À la COP30, rencontre avec Maina Vakafua Talia de Tuvalu: quand une nation entière risque de disparaître

Même si je suis de retour de la COP, j’ai encore tant de choses à vous partager donT cette rencontre fort enrichissante avec le président de Tuvalu, l’un de ces tout petits États insulaires qui sont en première ligne de la crise climatique et qui risquent littéralement de disparaître de la carte. 🌊
Tuvalu, c’est à peine 11 000 habitantes et habitants, posé à 2 mètres au-dessus du niveau de la mer en moyenne. Déjà, la mer y a monté d’environ 15 cm en 30 ans et, si rien ne change, une grande partie de la capitale pourrait se retrouver sous la ligne de marée haute d’ici 2050.
Face à cette menace, Tuvalu a conclu avec l’Australie un traité inédit, la Falepili Union, qui permet à jusqu’à 280 Tuvaluanes et Tuvaluans par année d’obtenir un statut de résidence en Australie pour y vivre, travailler et étudier, avec accès aux services essentiels.
C’est présenté comme la première entente de “migration climatique” au monde : une partie de la population a désormais la possibilité de se relocaliser avant que la montée des eaux ne rende les îles inhabitables. Déjà, une proportion importante de la population a posé sa candidature à ce programme, signe de l’angoisse très concrète qui plane sur l’archipel.
Mais ce que m’a surtout frappé dans cet échange, ce n’est pas seulement la question de la mobilité, c’est la peur de perdre une culture, une langue, un territoire, une nation. On ne parle pas que de maisons à déplacer, mais de chants, de traditions, de liens spirituels avec la terre et la mer qui risquent d’être engloutis avec le rivage.
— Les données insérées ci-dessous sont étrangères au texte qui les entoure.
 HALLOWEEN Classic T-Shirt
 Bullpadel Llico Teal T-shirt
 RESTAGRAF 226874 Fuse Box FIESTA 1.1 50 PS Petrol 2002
Des dizaines d’autres petits États insulaires – dans le Pacifique, l’océan Indien et les Caraïbes – vivent la même urgence, pris entre l’érosion des côtes, la salinisation de l’eau douce et la multiplication des tempêtes.
Comme député d’un pays riche et grand émetteur, j’en reviens avec une conviction encore plus forte : nous avons une responsabilité envers ces peuples qui ont presque rien fait pour causer la crise climatique, mais qui en paient le prix le plus élevé. Défendre une action climatique ambitieuse, c’est aussi défendre le droit des Tuvaluanes et Tuvaluans – et de toutes les populations insulaires – de continuer à vivre chez eux, sur leurs terres, s’ils le souhaitent.
👉 Tant que des nations entières risquent de disparaître sous la mer, on ne pourra pas dire que la communauté internationale a fait sa part.